4.2.-  Si  bien el reclamante justifica su omisión en la falta de  publicidad en debida forma de la decisión, esto no es de  recibo, pues, de conformidad con los hechos probados, el acto se  produjo mediante edicto fijado en la secretaría el 20 de  noviembre de 2014, toda vez que no fue posible realizarlo  personalmente a pasar de que se libraron los oficios a la dirección  aportada durante la litis.  

El  procedimiento es enteramente válido, como quiera que el inciso  segundo del artículo 178 de la Ley 600 de 2000, prevé  que «Las  notificaciones al sindicado que no estuviere detenido y a los demás  sujetos procesales se harán personalmente si se presentaren en  la secretaría dentro de los tres (3) días siguientes al  de la fecha de la providencia…»,  complementando en el canon 180, «la  sentencia se notificará por edicto, si no fuere posible su  notificación personal dentro de los tres (3) días  siguientes a su expedición.».  

En  un caso similar se expuso  

(…)  el  Tribunal aclaró que procedía la apelación contra  su sentencia y que la casación formulada por el defensor del  implicado debería entenderse como la interposición del  recurso pertinente, así como que la forma de notificación  sería la previsto en los artículos 178 y siguientes de  la Ley 600 de 2000, es decir, personalmente si el interesado  comparecía a la secretaría dentro de los tres (3) días  siguientes o por edicto en caso contrario. Entonces, es claro que la  manera como procedió la Corporación encartada permite  que se entere al libelista en la forma contemplada en la ley, y  también le posibilita a éste formular el medio vertical  procedente  (CSJ  STC, 29 en. 2015., rad. STC424-2015).  

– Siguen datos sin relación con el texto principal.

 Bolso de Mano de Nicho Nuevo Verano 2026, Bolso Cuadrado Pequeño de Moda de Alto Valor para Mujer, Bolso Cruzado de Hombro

4.3.-  El  censor pretende desligarse de su manifiesta incuria trasladándosela  al abogado que lo asistió, aduciendo que éste no  desplegó una labor de real representación de sus  intereses y en particular que no interpuso el remedio extraordinario  que era viable.  

Esta  excusa no es admisible, porque  la ley penal lo facultaba para ejercer directamente su defensa  material, incluso contra el criterio de dicho profesional, y por  supuesto a relevarlo cuando a bien tuviera o a solicitar que la  Defensoría del Pueblo le nombrara otro de oficio si se daban  los requisitos legales. Al respecto, la Corte ha dicho:  

(…)  en cuanto hace referencia a la precaria intervención de quien  tuvo a su cargo el  mandato del actor, ha de decirse que la pretensión formulada a  partir de dicho aspecto se opone por completo a los fines de la  acción de tutela, pues resulta del todo claro que se emplea  como último recurso en el anhelo de contrarrestar la condena  que se le impuso al actor en una actuación regida por las  normas del debido proceso y en la cual se le aseguraron sus derechos  fundamentales, de manera que por vía de tutela no puede  disponerse la revisión indiscriminada del proceso y la  consecuente repetición de actuaciones válidamente  cumplidas, máxime que la observancia de dicha garantía  se alcanza no sólo a partir de la participación activa  que el defensor despliegue, pues ella también recae sobre el  procesado, quien, obviamente dentro de los límites de sus  conocimientos en derecho puede intervenir al interior del proceso en  pro de sus intereses  (CSJ STC, 23  de octubre de 2012, exp. 02124-01,  ratificada el 14  de marzo de 2014,  rad. 00146-01,  STC3199).  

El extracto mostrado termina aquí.